_Problem to work on_
Using the listing below, output only the lines from the one that contains "ΠΩΣ ΝΙΩΘΕΙ 💘" through the one that contains "Thumbnail: 2018 GMC Terrain - 18", inclusive, exactly as given and without images.

_Data supplied_
----------------

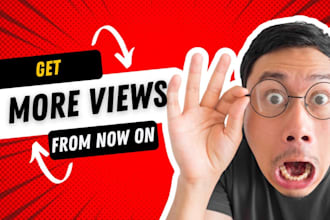 design eyecatching youtube thumbnails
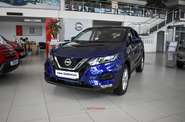 Nissan Qashqai Acenta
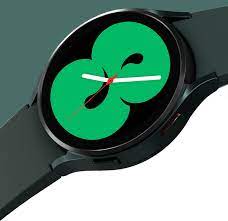 SMARTWATCH SAMSUNG GALAXY WATCH 4 44MM *PAGO SEMANAL $110*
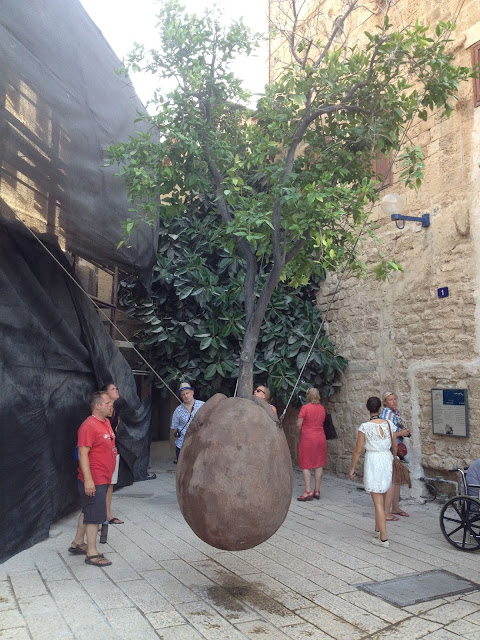 Jaffa Modern Art Yafo Modern Art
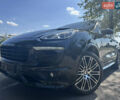 Синий Порше Каен, объемом двигателя 2.97 л и пробегом 151 тыс. км за 37700 $, фото 1 на Automoto.ua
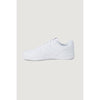 Diadora White Artificial Leather Sneaker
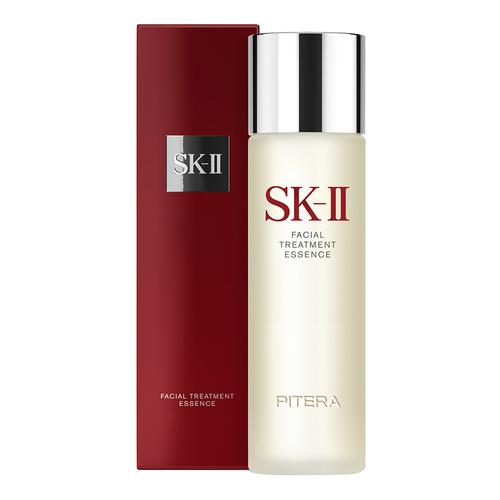 Facial Treatment Essence with 90% Pitera
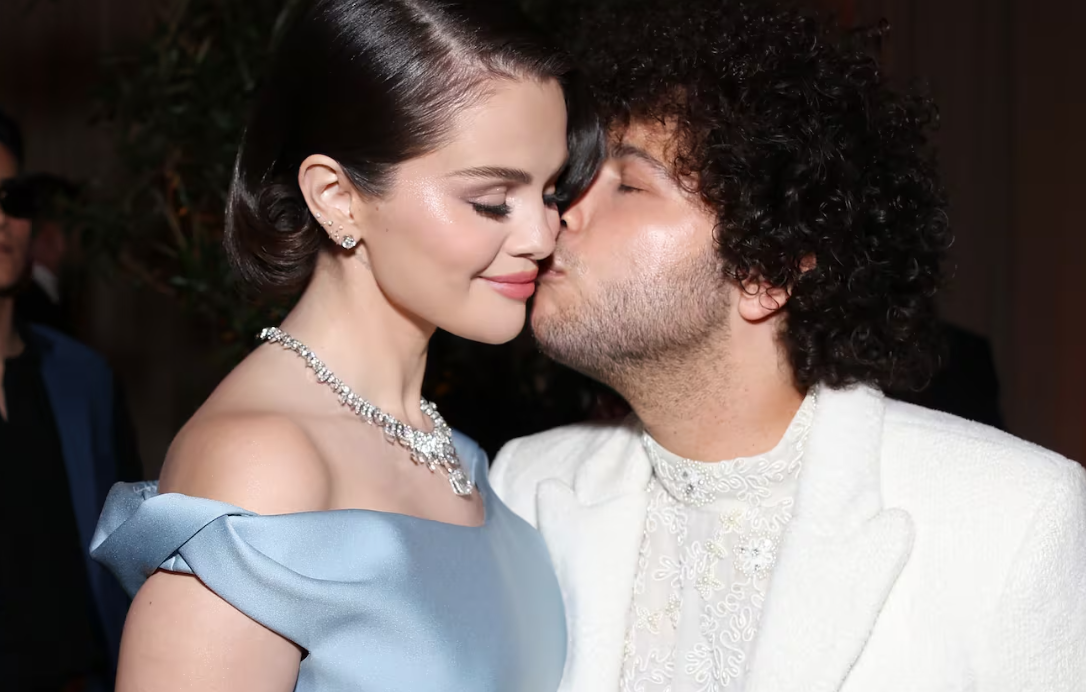 Selena Gomez comparte detalles de su despedida de soltera en San Lucas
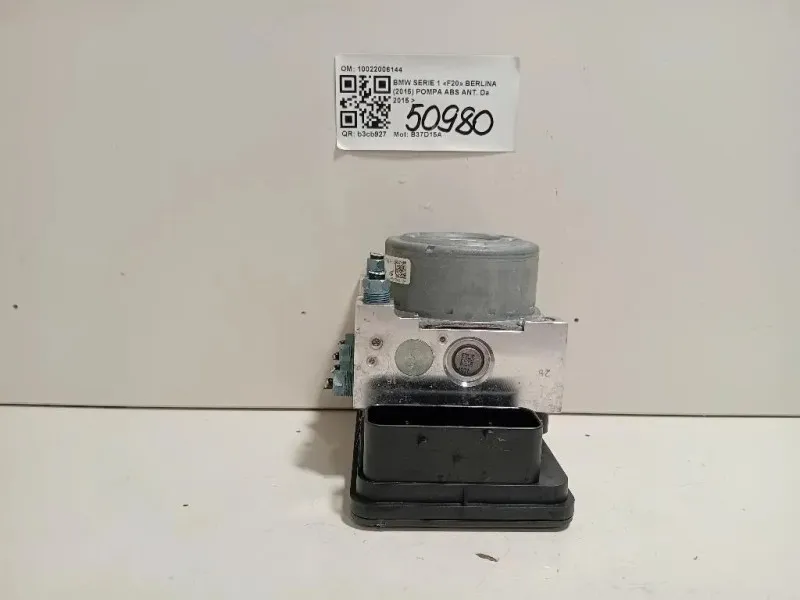 Pompa ABS ANT 10022006144 Bmw Serie 1 F20 Berlina 2015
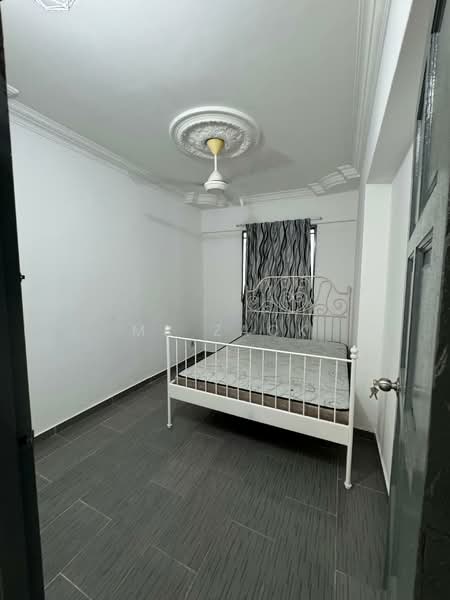 Condominium for Rent at Seri Mas Condominium - Mr Zack - Bedroom - PropertyGuru.com.my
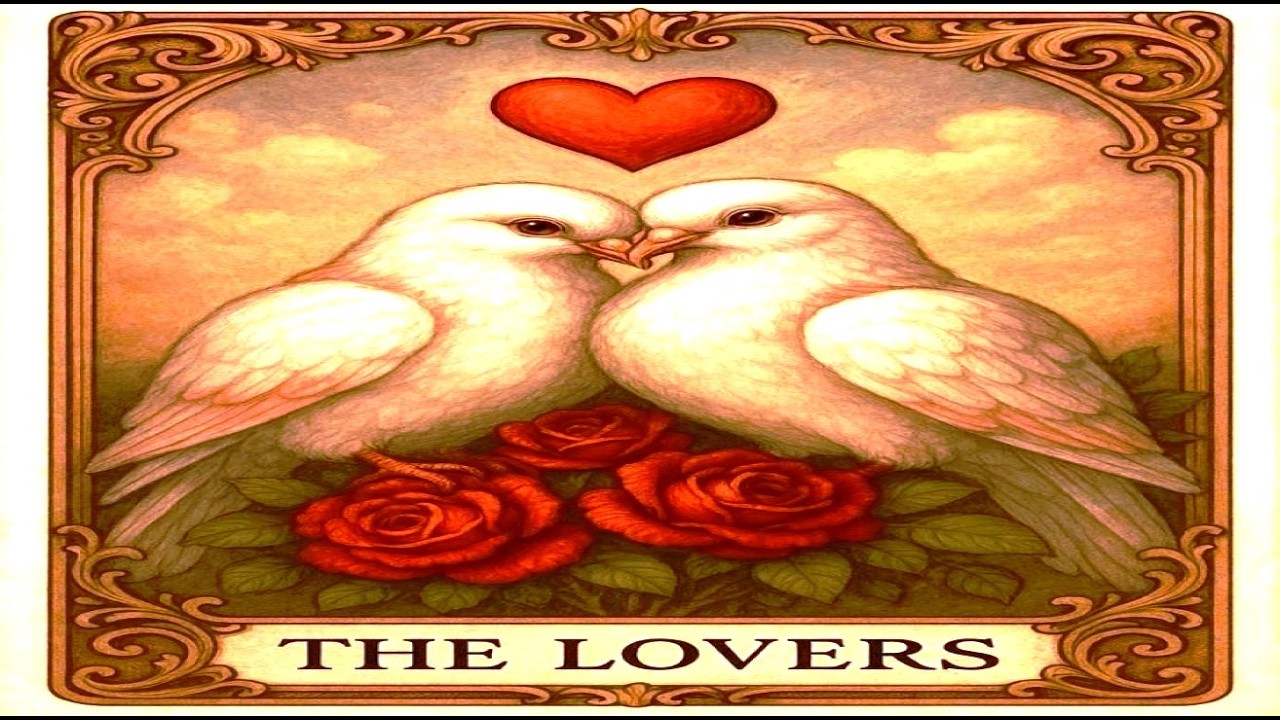 ΠΩΣ ΝΙΩΘΕΙ 💘 ΓΙΑ ΣΕΝΑ ΣΗΜΕΡΑ! 💜@LoveHealingTarot💜#tarot #pickacard #timeless #love #lovereading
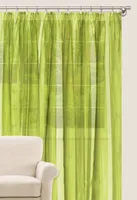 KARDIN KARDINAPAELAGA SPLENDID 300X280CM HELE ROHELINE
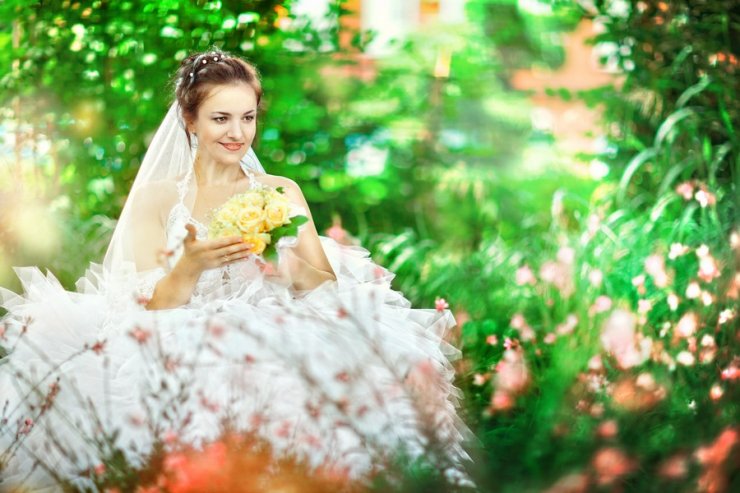 Свадебный фотограф Евгений 89882483366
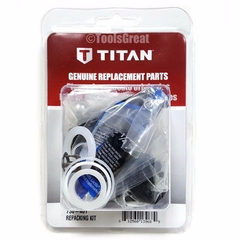 Kit Reparacion Piston Airless Titan 730-401 Modelo 440/450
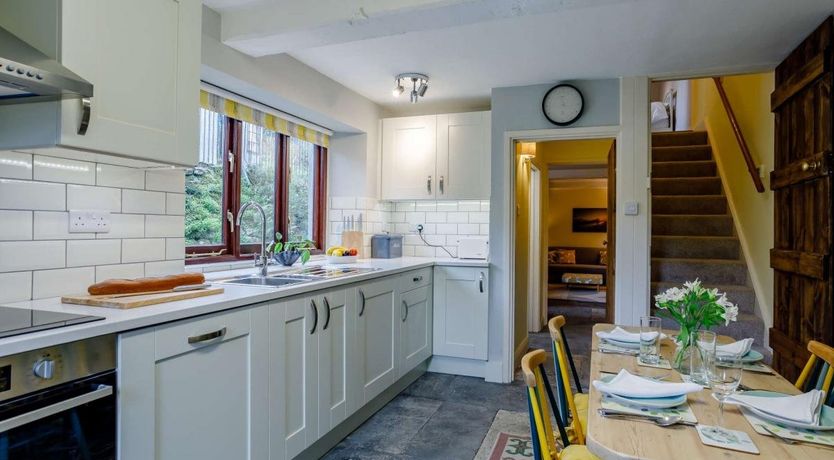 Photo of Cottage in Somerset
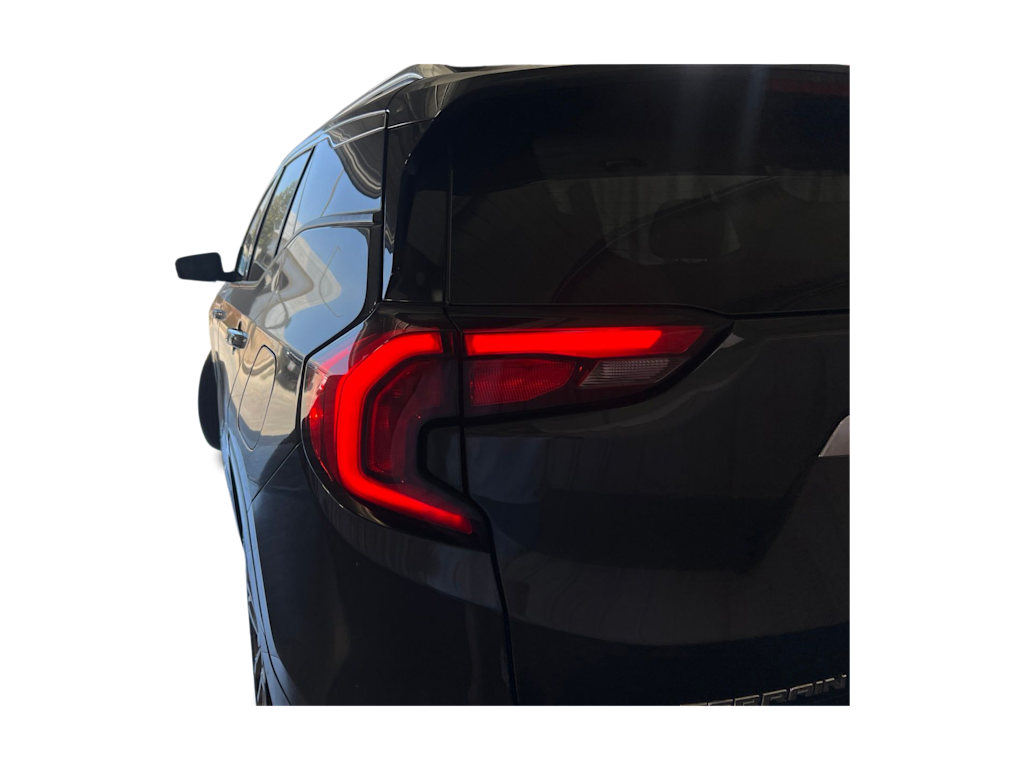 Thumbnail: 2018 GMC Terrain - 18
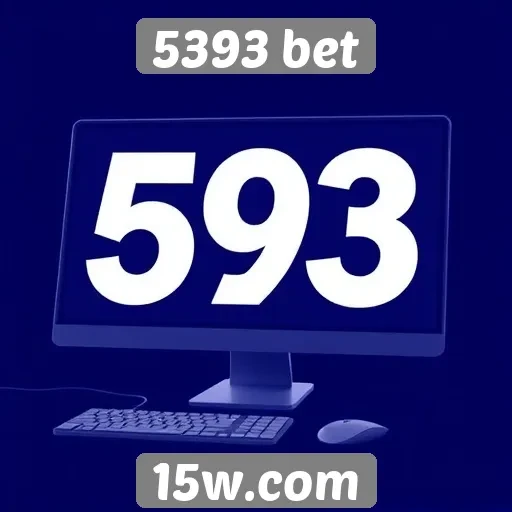 Suporte ao cliente da 5393 bet abordagens e canais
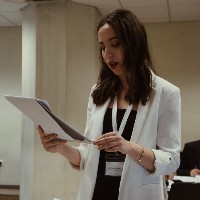 Charis Apostolopoulou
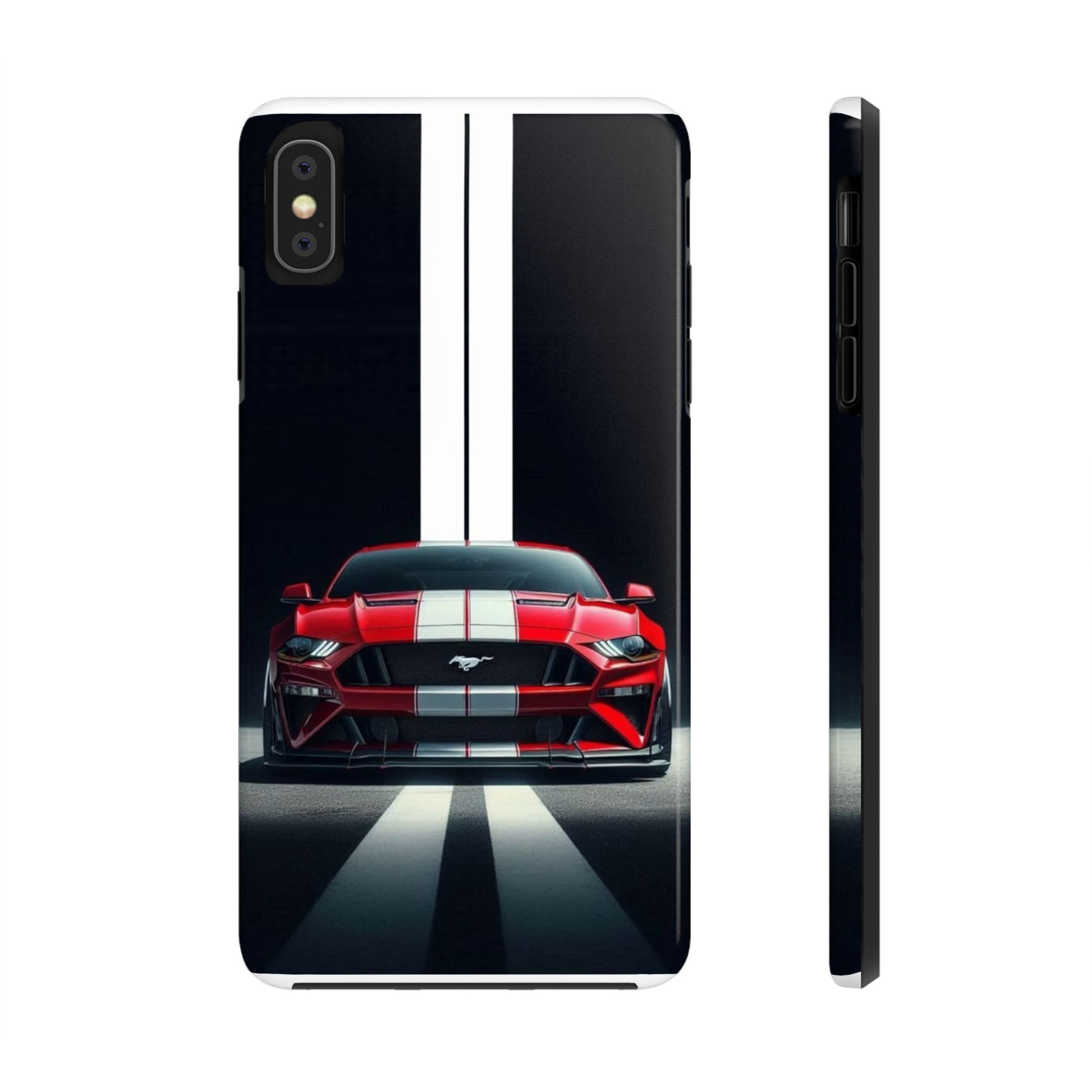 American Muscle Car tough Phone Cases for Iphones & Samsung Durable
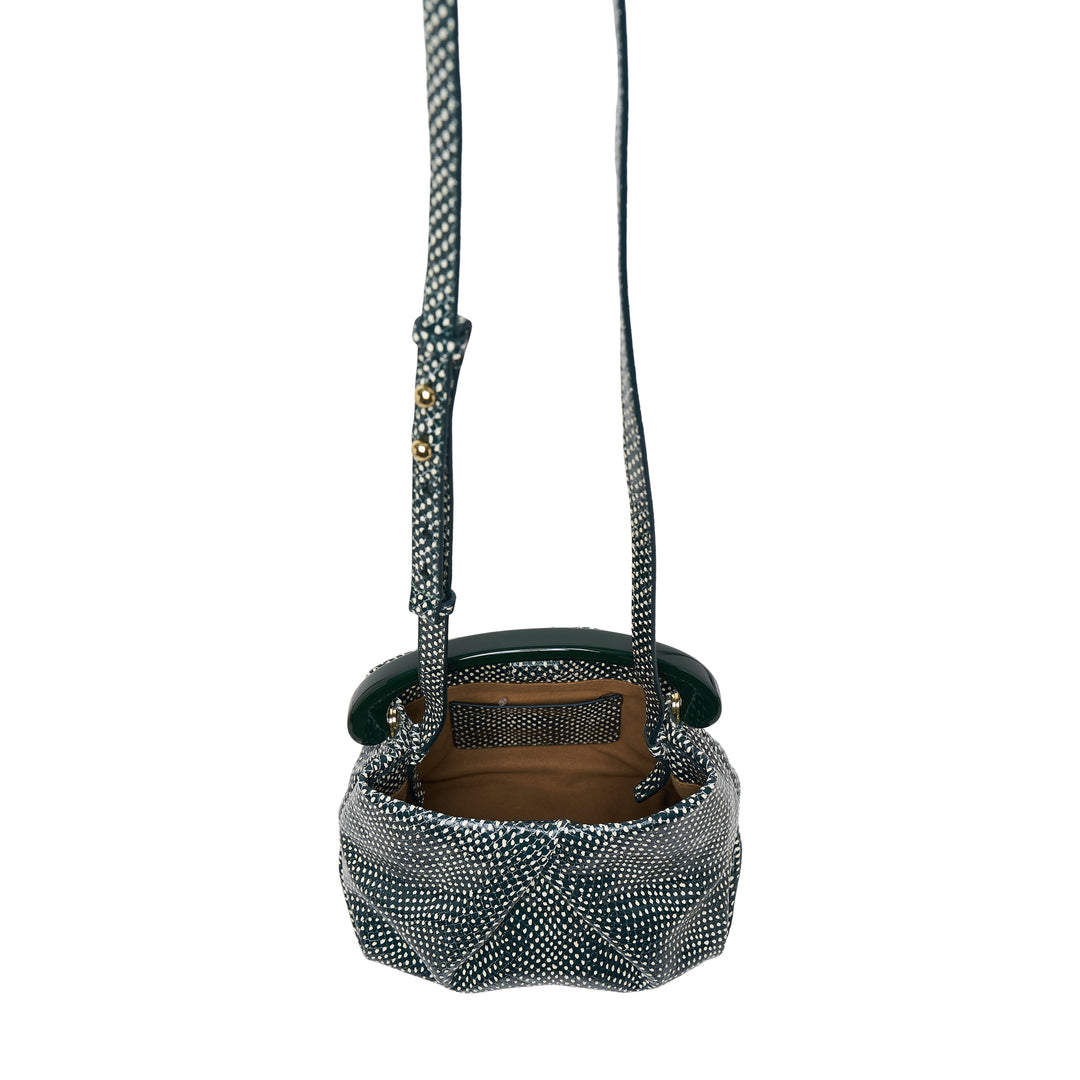 Dries Van Noten Small Fold Bag – Available at Club 21, Official Retailer in Singapore, Malaysia & Thailand with Global Shipping Online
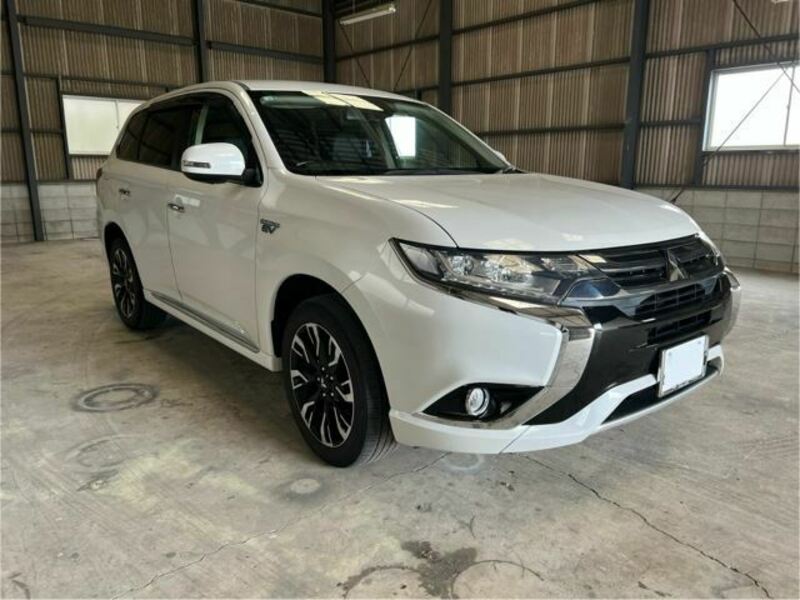 OUTLANDER PHEV-0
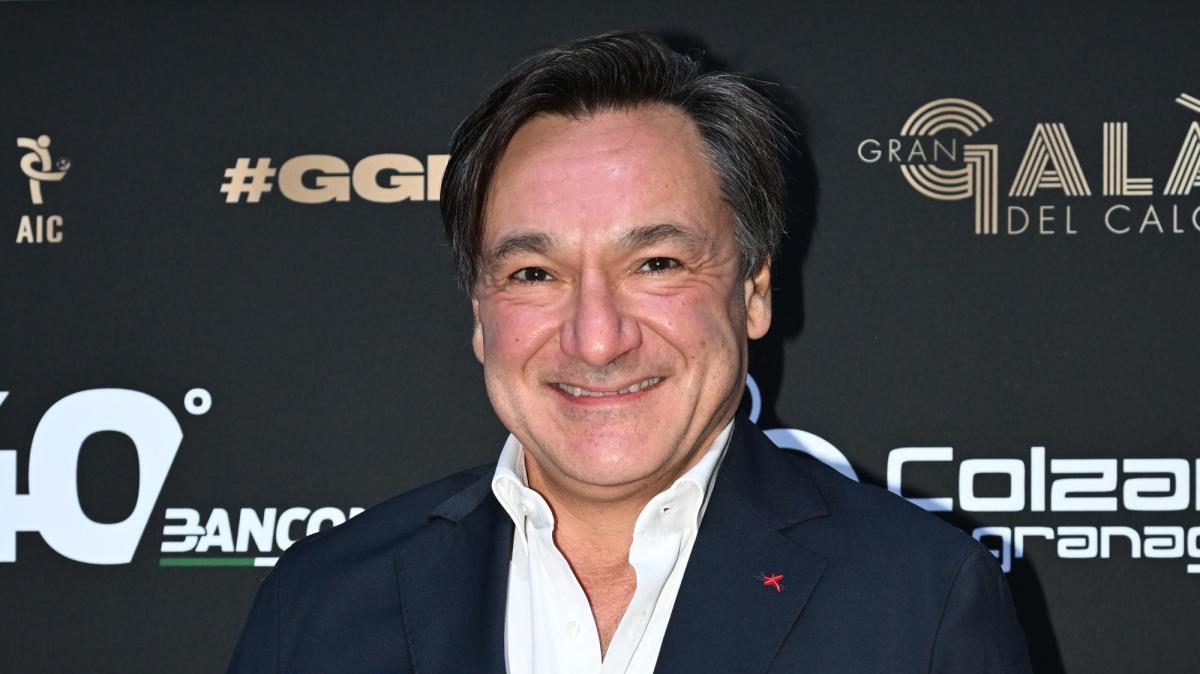 MN - La pausa di Conte, Caressa: "Allegri ha una definizione, si chiama cazzeggio creativo..."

----------------

_Written reply_
 ΠΩΣ ΝΙΩΘΕΙ 💘 ΓΙΑ ΣΕΝΑ ΣΗΜΕΡΑ! 💜@LoveHealingTarot💜#tarot #pickacard #timeless #love #lovereading
 KARDIN KARDINAPAELAGA SPLENDID 300X280CM HELE ROHELINE
 Свадебный фотограф Евгений 89882483366
 Kit Reparacion Piston Airless Titan 730-401 Modelo 440/450
 Photo of Cottage in Somerset
 Thumbnail: 2018 GMC Terrain - 18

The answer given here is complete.